Texte Magali Mougel – mise en scène et scénographie Simon Delétang – production Théâtre de Lorient/Centre dramatique national – au Théâtre des Quartiers d’Ivry/Manufacture des Œillets.

© Jean-Louis Fernandez

C’est le destin tragique d’une femme ordinaire, Suzy Storck (Marion Couzinié) qui un jour craque et remet en question tout son parcours, entraînant sa famille dans sa chute. Au centre du plateau elle est en état de sidération. On comprend qu’un drame s’est noué.

Issue d’un petit milieu rural, la famille, elle ne l’a pas vraiment choisie, une mère peu aimante et qui ne cesse de mettre de l’huile sur le feu (Françoise Lervy), un compagnon peu désiré, Hans Vassili Kreuz (Charles-Antoine Sanchez), une vie monotone, entre les restes d’un appétit de vivre et l’envie de s’absenter.

« 17 juin. 21h14. Ça se passe ici. » Le narrateur au micro (Simon Delétang) sorte de Monsieur Loyal en costume sombre donne le contexte avant de s’asseoir non pas sur la boîte à sel mais sur le lave-linge posé dans un coin, symbole d’une vie dévorée par le quotidien, les courses, la maison, l’étendage du linge, les trois enfants pas vraiment désirés dont Suzy Storck allaite le dernier sans passion et dans la douleur des gerçures.

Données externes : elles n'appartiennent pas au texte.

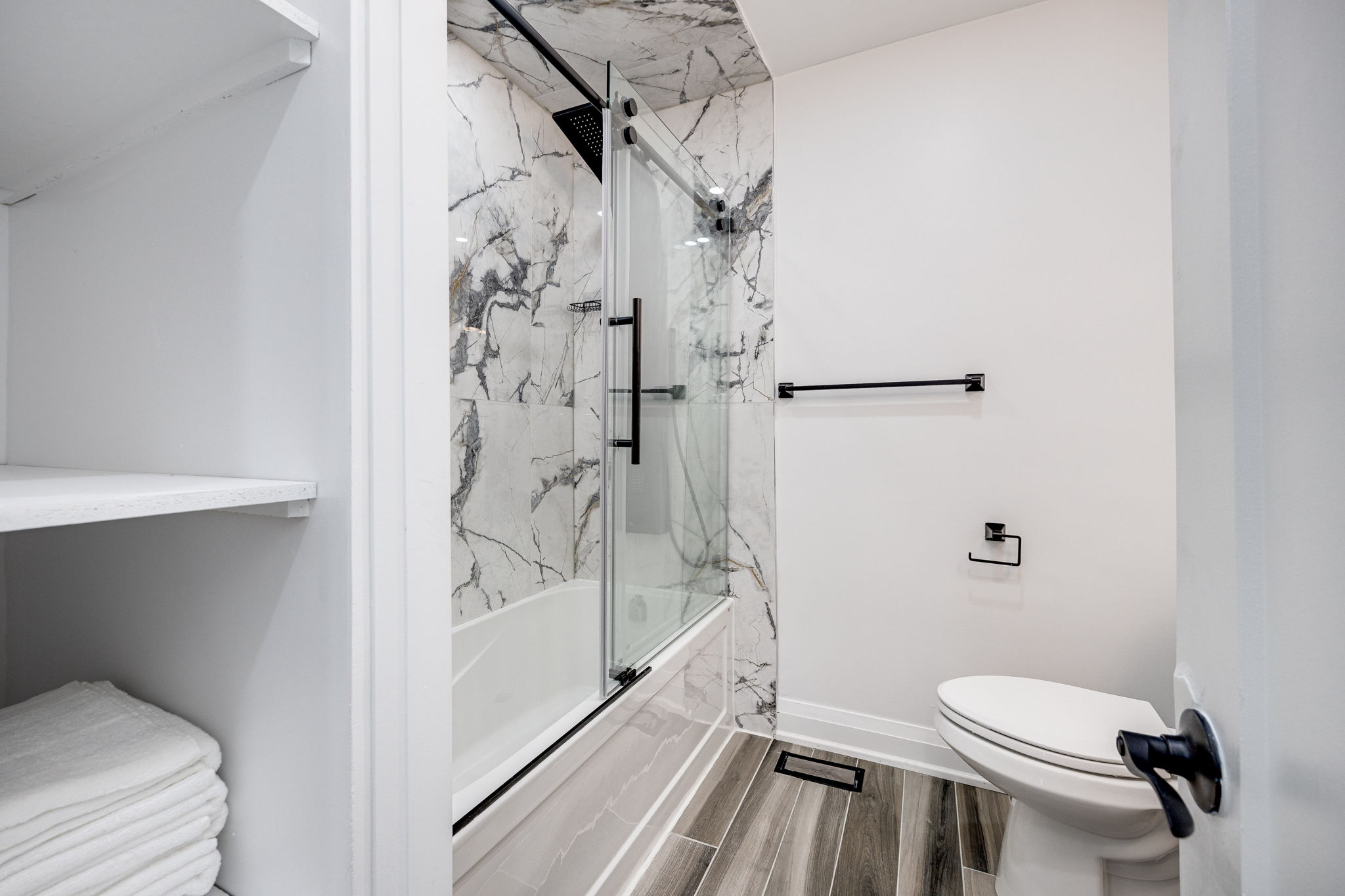 Toronto property showcase — delivered property photograph 14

Il est le fil conducteur, dessine la situation du moment avant de laisser place aux personnages, dans une rigueur métronomique.

© Jean-Louis Fernandez

Au centre d’un grand plateau blanc et d’un toit en biais de ce même blanc couvert de trente-six tubes-fluos, Suzy Storck en short et tee-shirt rouge, dans son désarroi et son impuissance à arrêter le quotidien, refait le film de sa vie depuis sa rencontre avec Hans Vassili Kreuz. Côté cour un tas de vêtements entassés comme les années qui passent, ou comme ce qu’elle essaie de faire à la maison et qui pour son compagnon, qui s’épuise dans un supermarché, n’est pas un vrai travail, la couture. Elle aussi aurait voulu travailler à l’extérieur, comme quand elle était jeune et avait eu un emploi à Ouest Volailles – dans le monde rural le choix ne pouvait se porter que sur une usine de volailles, de couches ou de fringues, elle avait choisi la volaille. Quand elle cherche à retravailler, il l’en dissuade.

© Jean-Louis Fernandez

L’avant n’était pas très glorieux. L’entretien d’embauche dans un magasin de puériculture qu’elle obtient par sa mère est un flop complet, elle a pourtant mis son gilet rose mais manque d’expérience, parle de son non-désir d’enfants et prend le leadership de l’entretien en bombardant l’employeur de questions déplacées. En écho, Hans Vassili Kreuz qui n’est pas un mauvais garçon, se situe à l’inverse de son univers et de ses désirs, dans l’envie de construire une famille et de faire des enfants avec elle. Ce qu’il fait à trois reprises dans une décision vraisemblablement unilatérale. « On a fait ce que tu as voulu » dit-elle. Dans les reproches, il n’entend pas la détresse de Suzy. « On porte chacun sa croix » se contente-t-il de dire bravement.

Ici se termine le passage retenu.